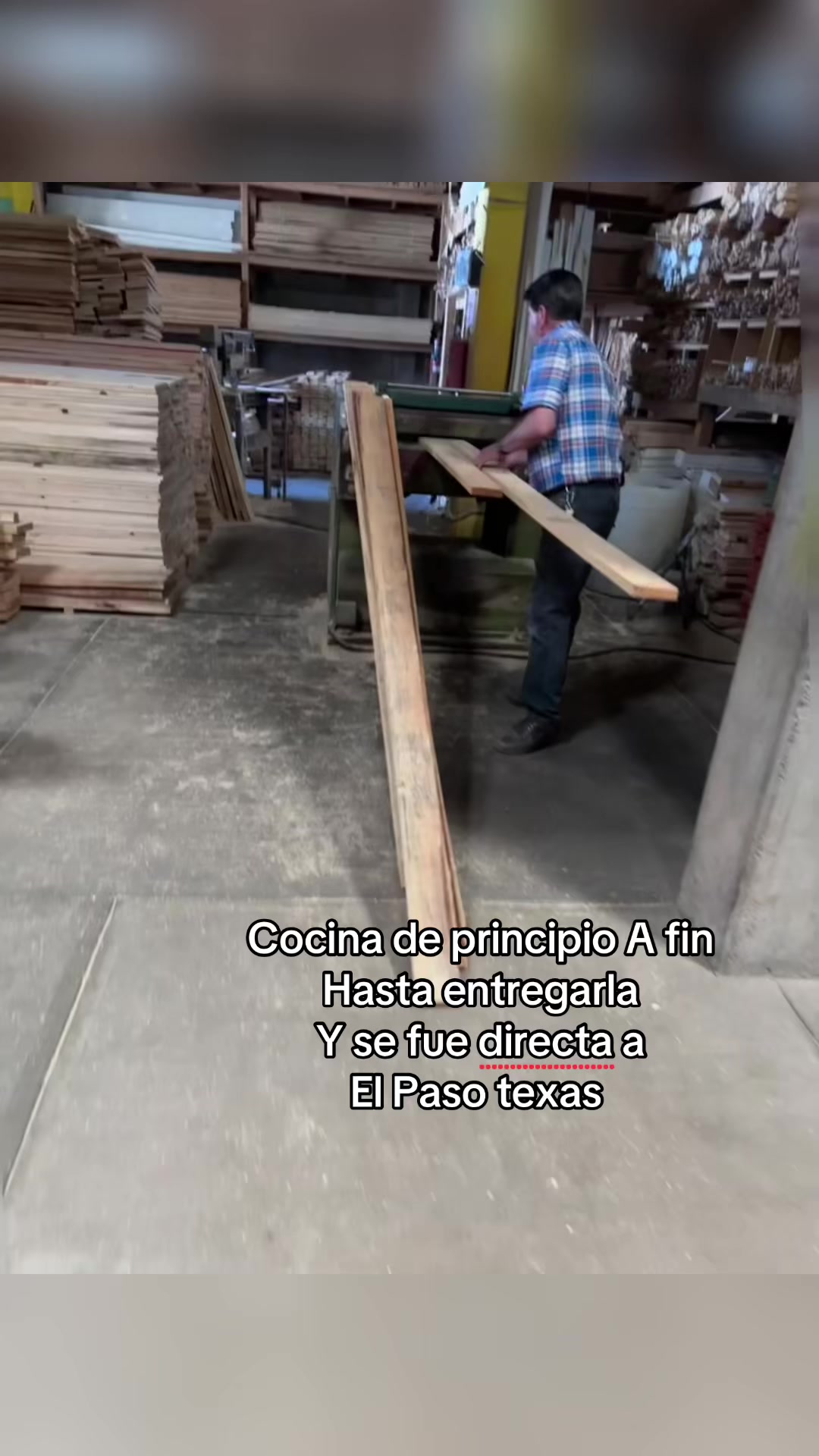 @J&J CONSTRUCTION
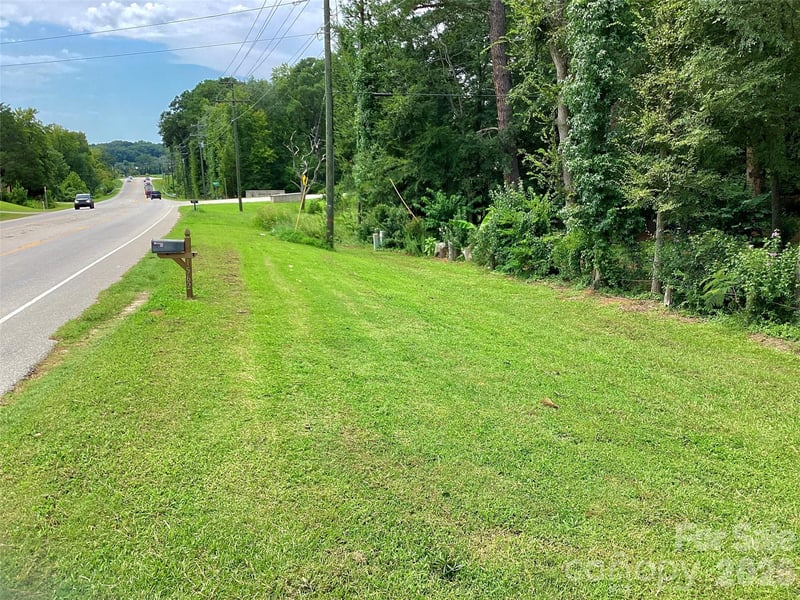 1553 Mcconnells Hw, Rock Hill, SC 29732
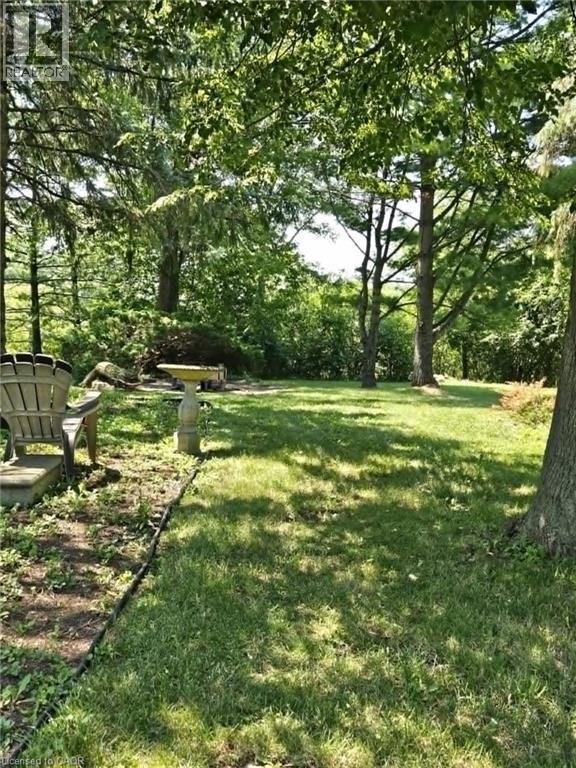 569 Crane Court Property Photo 28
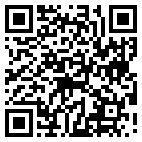 QR Code for Hoover Locksmith in Hoover, AL 35216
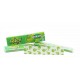 Juicy Jay's Green Apple King Size Slim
- - - -
EXERCISE DETAILS - Write out, word for word, the line containing "569 Crane Court Property Photo 28" and each line after it to the end of the data, and nothing more. Drop the pictures.

RESPONSE BOX -
 569 Crane Court Property Photo 28
 QR Code for Hoover Locksmith in Hoover, AL 35216
 Juicy Jay's Green Apple King Size Slim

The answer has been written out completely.